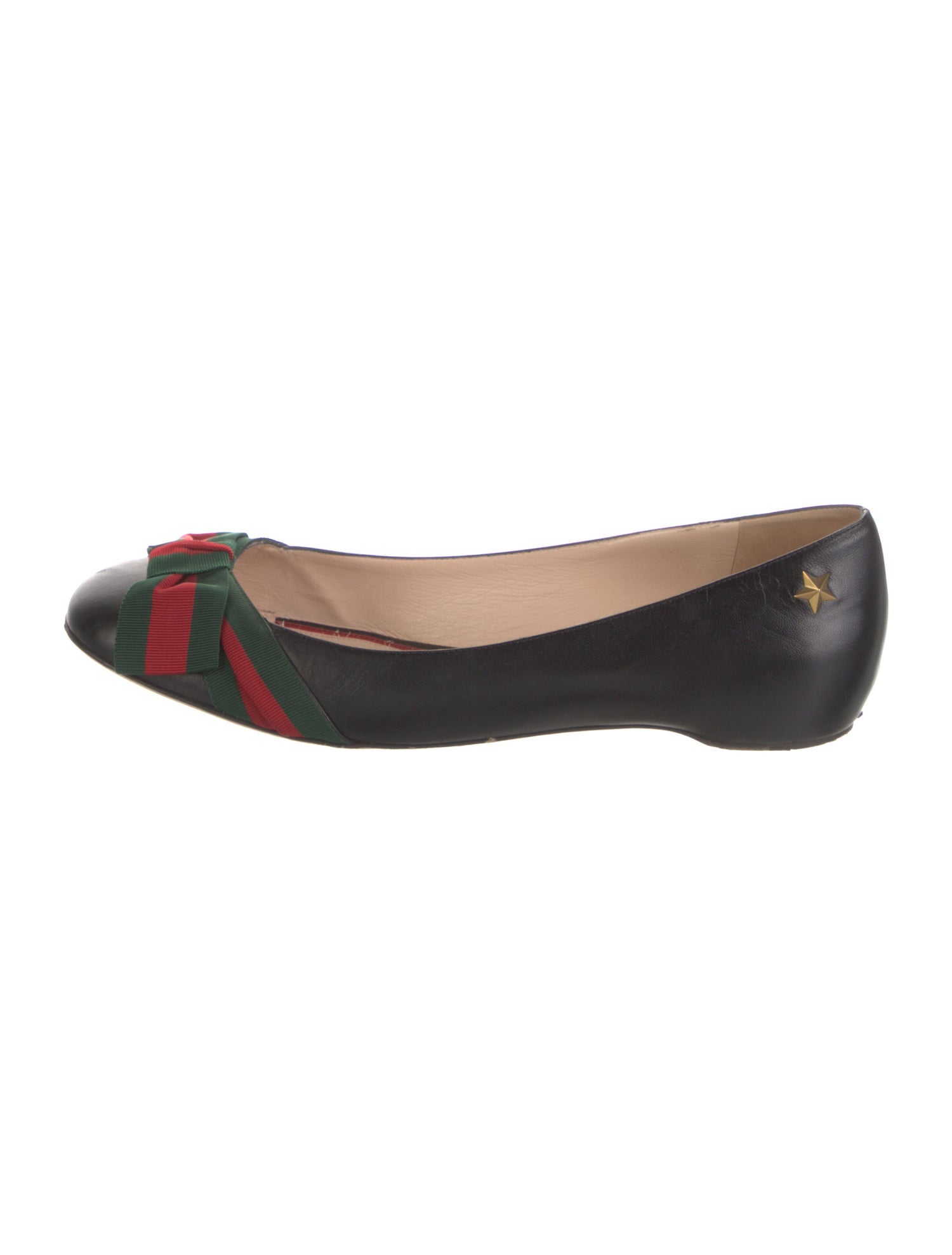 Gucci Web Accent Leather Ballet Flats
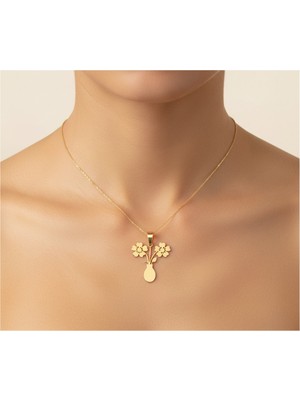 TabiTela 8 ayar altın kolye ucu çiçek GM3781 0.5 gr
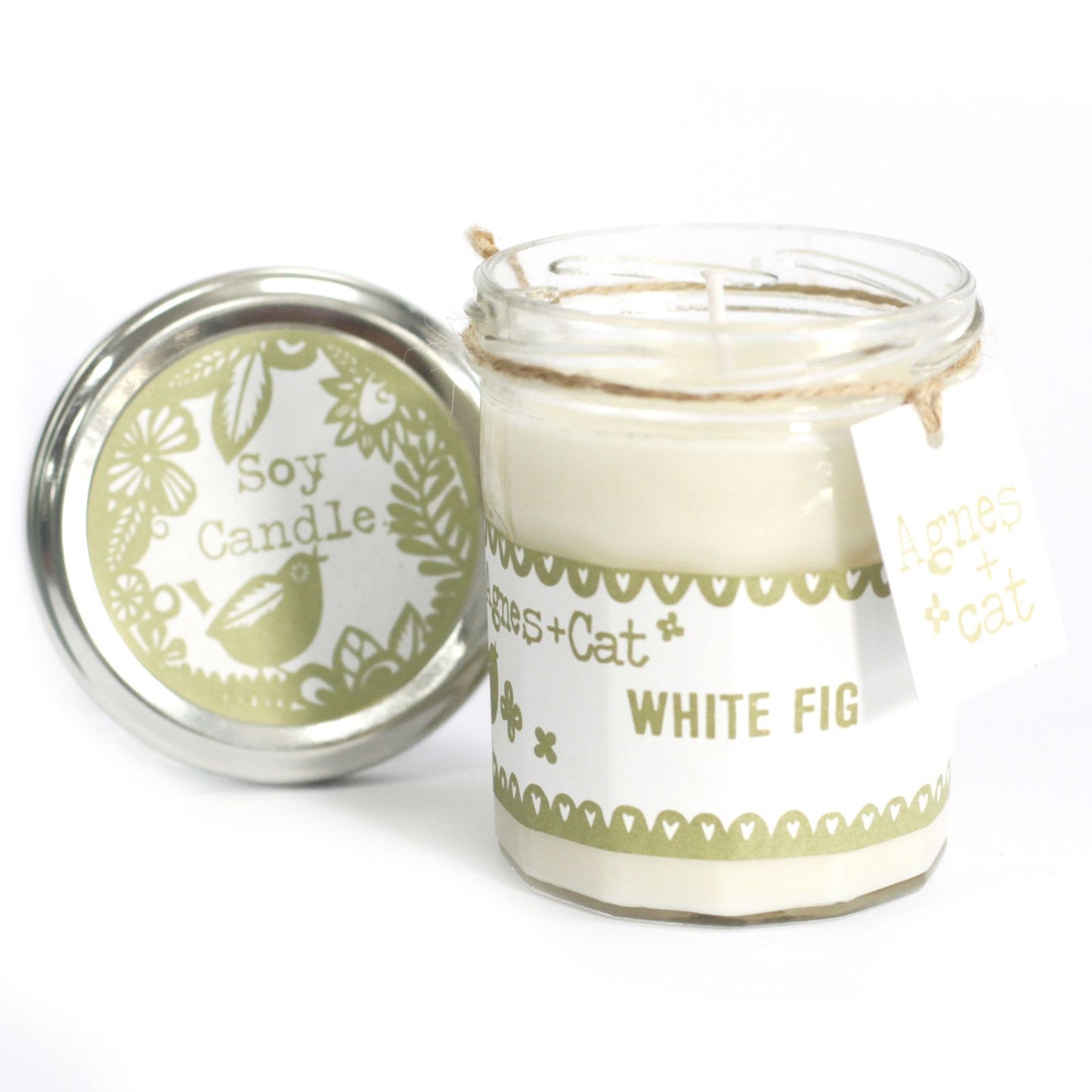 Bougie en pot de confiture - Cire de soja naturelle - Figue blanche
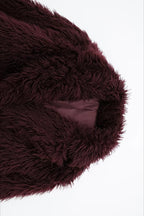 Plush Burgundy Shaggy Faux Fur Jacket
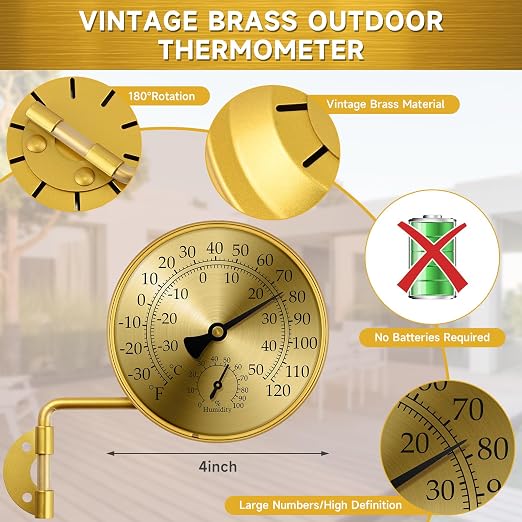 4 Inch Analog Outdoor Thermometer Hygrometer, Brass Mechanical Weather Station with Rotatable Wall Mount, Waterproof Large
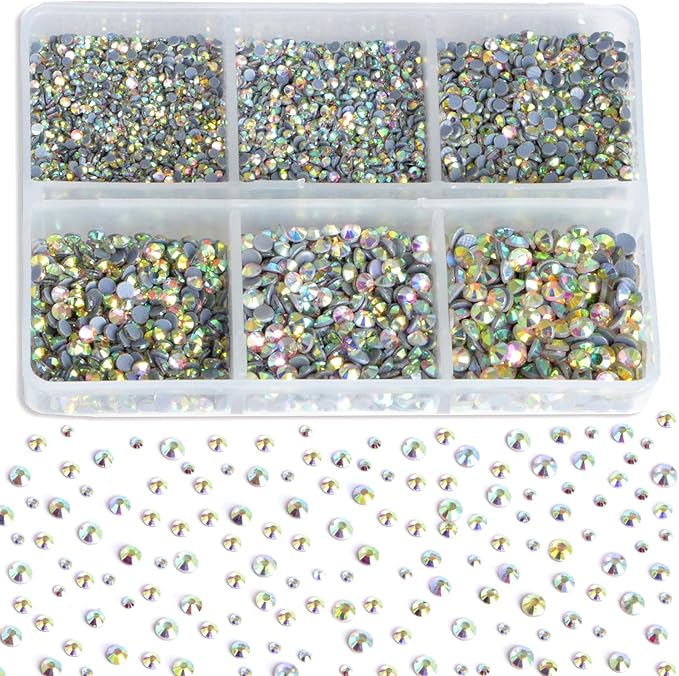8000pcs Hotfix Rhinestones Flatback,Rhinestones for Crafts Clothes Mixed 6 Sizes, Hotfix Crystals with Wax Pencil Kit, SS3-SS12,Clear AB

════════════════

**What is being asked:** The required output is an exact copy of the lines from the one with "TabiTela 8 ayar" through the final line of the data above, with pictures removed.

**Solved problem:**
 TabiTela 8 ayar altın kolye ucu çiçek GM3781 0.5 gr
 Bougie en pot de confiture - Cire de soja naturelle - Figue blanche
 Plush Burgundy Shaggy Faux Fur Jacket
 4 Inch Analog Outdoor Thermometer Hygrometer, Brass Mechanical Weather Station with Rotatable Wall Mount, Waterproof Large
8000pcs Hotfix Rhinestones Flatback,Rhinestones for Crafts Clothes Mixed 6 Sizes, Hotfix Crystals with Wax Pencil Kit, SS3-SS12,Clear AB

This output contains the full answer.